Although we are forty-six minutes from New York (forty-four if you catch the 5:03 express) we do not consider this distance any handicap. On the contrary, we in the suburbs like to feel that our social existence can teach a thing or two to the so-called Smarter Set of Park Avenue and Mayfair. What literary salon in a fashionable pent-house can compare with those delightful and edifying gatherings at Miss Hoffstadter's on odd Monday afternoons? What cultured function in an exclusive corner of the Ritz oan approach our ultra-formal dinners at Mrs. Terwilliger's? What Beaux Arts Ball is equal to the hilarity and joy that reign unconfined when the Stonesthrow Yacht Club holds its annual masquerade ball?
Weary New Yorkers may talk of their Plaza, their Club Richman, their Tony's; but after all, one must live in Stonesthrow-fromthe-Station and study our various types of parties in order to appreciate what politesse a la mode really is. Our social activities are limitless in their maze of sophistication and present ample opportunity for the energetic suburbanites to leap, like so many mountain goats, from one function to another. Our boundless social resources are the root of that recognized superiority inherent in the suburban manner: to them we owe our distinction, our polish, our oft-observed poise. It is in an effort to demonstrate this glitter and allure of social life in suburbia that we have endeavoured to describe herein several of the more popular types of social function held in Stonesthrow-from-the-Station:
• The most popular of our suburban parties is that hilarious Stonesthrow version of the Bohemian soirée, the Informal Evening With Friends. We arrive in one happy group, swooping clamorously into the house like a flock of wild geese, chatting and laughing in anticipation.

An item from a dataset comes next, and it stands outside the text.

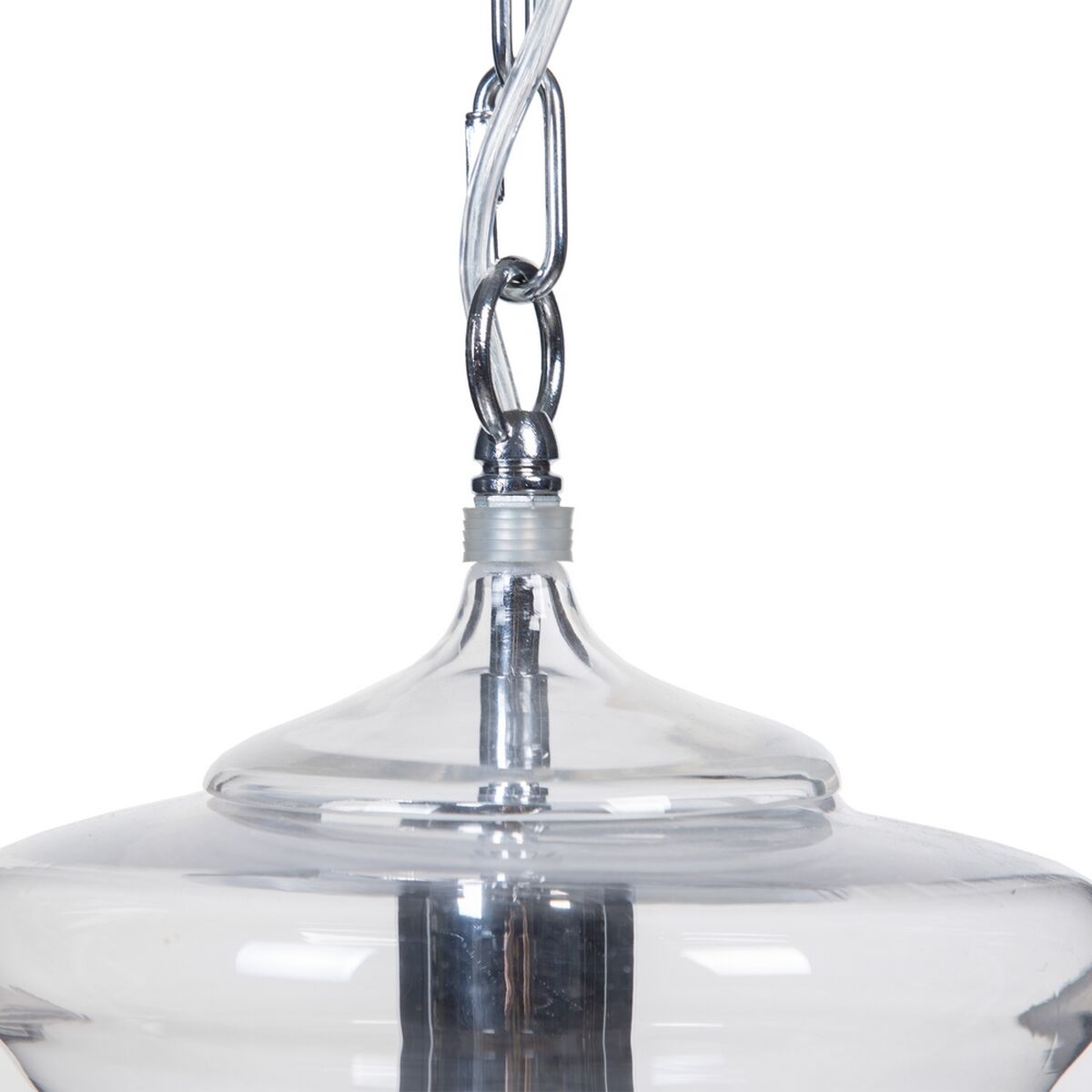 Taklampa Silvrig Metall Glas 40 W 220-240 V 28 x 28 x 36 cm Modern - 3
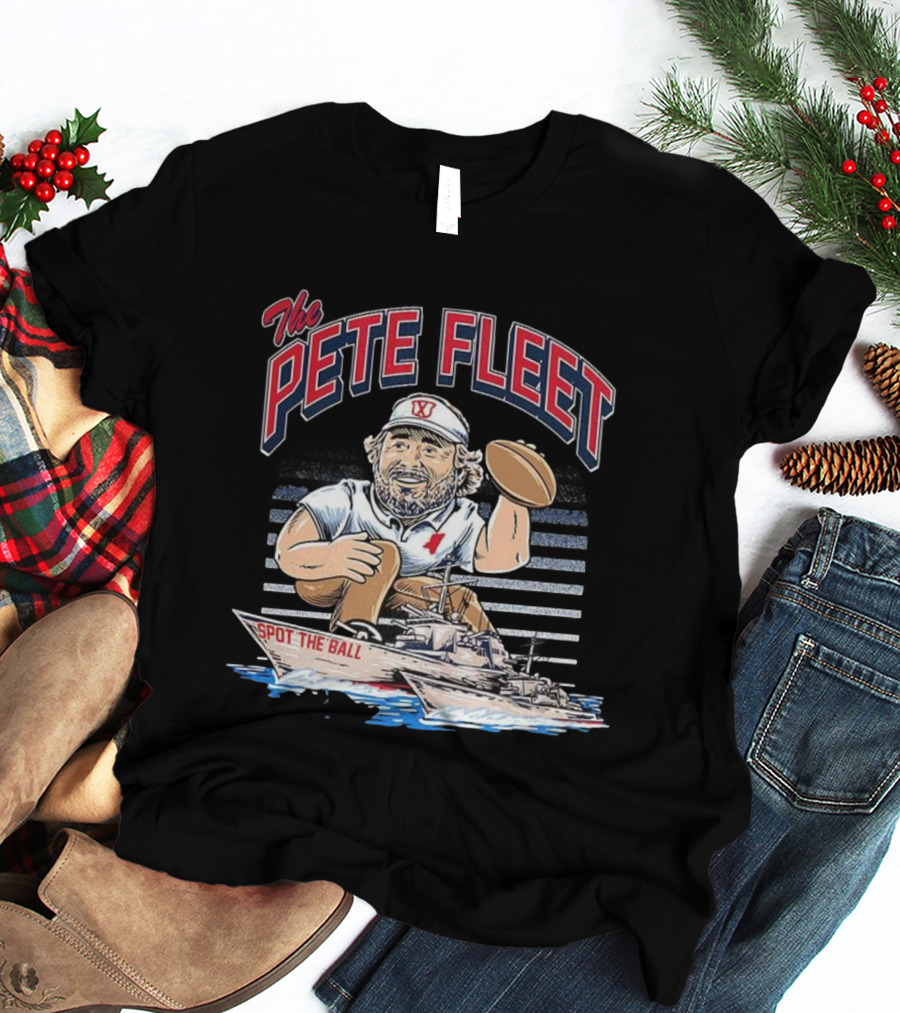 The Pete Fleet Spot The Ball Football Mascot Ship Icon T-Shirt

We swarm hastily into the living room, where we exchange happy retorts as we cavort gayly with someone else's wife, while someone plays I Gotta Have Yoo-hoo-hoo for dancing. These jocose remarks maintain the good spirits of the party and fortify our happy frame of mind. When, for example, two of us have exchanged wives for dancing and one calls "Who is that lady I see you with?" the rest of us cannot restrain a chuckle when the retort is flung back, "That is no lady, that is your wife." Or again, when the host explains that he oannot find the gin, there are gales of laughter as some lady offers the use of the alcohol in her car. When a wife explains that she calls her husband Bill because they met on the first of the month, the mirth grows downright maudlin.
Suburbanites have long since learned the words to such songs as Hinkey Dinkey Parlez Vous and Frankie and Johnnie, and we sing them lustily at these informal gatherings. There is always high amusement when one of the ladies asks with assumed innocence the meaning of a certain word or phrase, and the fact that very few of us could explain to her anyway merely makes these affairs all the more amusing.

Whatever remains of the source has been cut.